This cost obsession fuses with the design culture. "Designing beautiful-but-expensive products is easy," says Josephine Rydberg-Dumont, president of Ikea of Sweden. "Designing beautiful products that are inexpensive and functional is a huge challenge."

No design — no matter how inspired — finds its way into the showroom if it cannot be made affordable. To achieve that goal, the company's 12 full-time designers at Almhult, Sweden, along with 80 freelancers, work hand in hand with in-house production teams to identify the appropriate materials and least costly suppliers, a trial-and-error process that can take as long as three years. Example: For the PS Ellan, a $39.99 dining chair that can rock back on its hind legs without tipping over, designer Chris Martin worked with production staff for a year and a half to adapt a wood-fiber composite, an inexpensive blend of wood chips and plastic resin used in highway noise barriers, for use in furnishings. Martin also had to design the chair to break down into six pieces, so it could be flat-packed and snapped together without screws.

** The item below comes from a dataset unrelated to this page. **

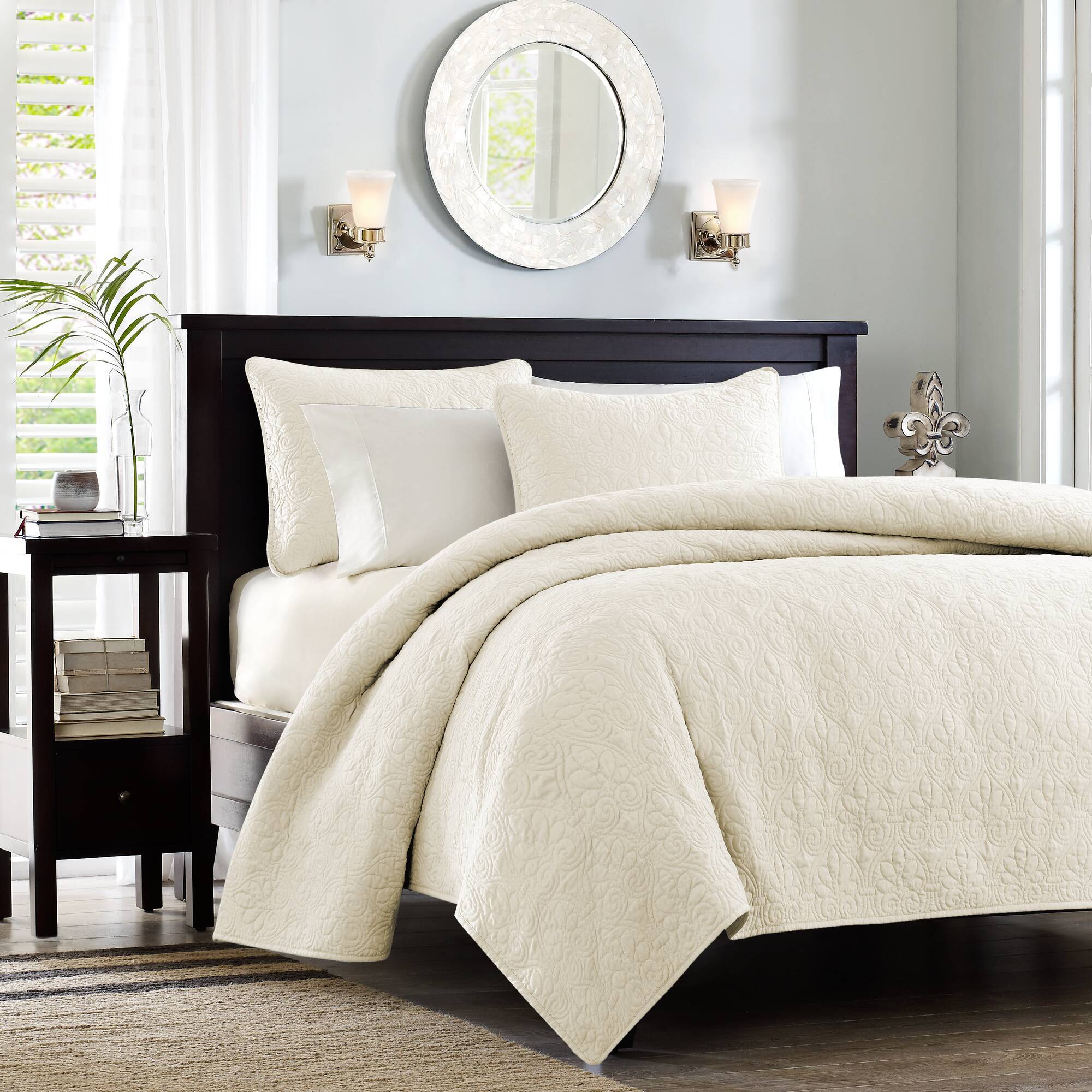 Quebec - King Reversible Coverlet Set - Cream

With a network of 1,300 suppliers in 53 countries, Ikea works overtime to find the right manufacturer for the right product. It once contracted with ski makers — experts in bent wood — to manufacture its Poang armchairs, and it has tapped makers of supermarket carts to turn out durable sofas. Simplicity, a tenet of Swedish design, helps keep costs down. The 50 cents Trofé mug comes only in blue and white, the least expensive pigments. Ikea's conservation drive extends naturally from this cost-cutting. For its new PS line, it challenged 28 designers to find innovative uses for discarded and unusual materials. The results: a table fashioned from reddish-brown birch heartwood (furniture makers prefer the pale exterior wood) and a storage system made from recycled milk cartons.

If sales keep growing at their historical average, by 2010 Ikea will need to source twice as much material as today. "We can't increase by more than 20 stores a year because supply is the bottleneck," says Lennart Dahlgren, country manager for Russia. Since Russia is a source of timber, Ikea aims to turn it into a major supplier of finished products.

Adding to the challenge, the suppliers and designers have to customize some Ikea products to make them sell better in local markets. In China, the 250,000 plastic placemats Ikea produced to commemorate the year of the rooster sold out in just three weeks. Julie Desrosiers, the bedroom-line manager at Ikea of Sweden, visited people's houses in the U.S. and Europe to peek into their closets, learning that "Americans prefer to store most of their clothes folded, and Italians like to hang." The result was a wardrobe that features deeper drawers for U.S. customers.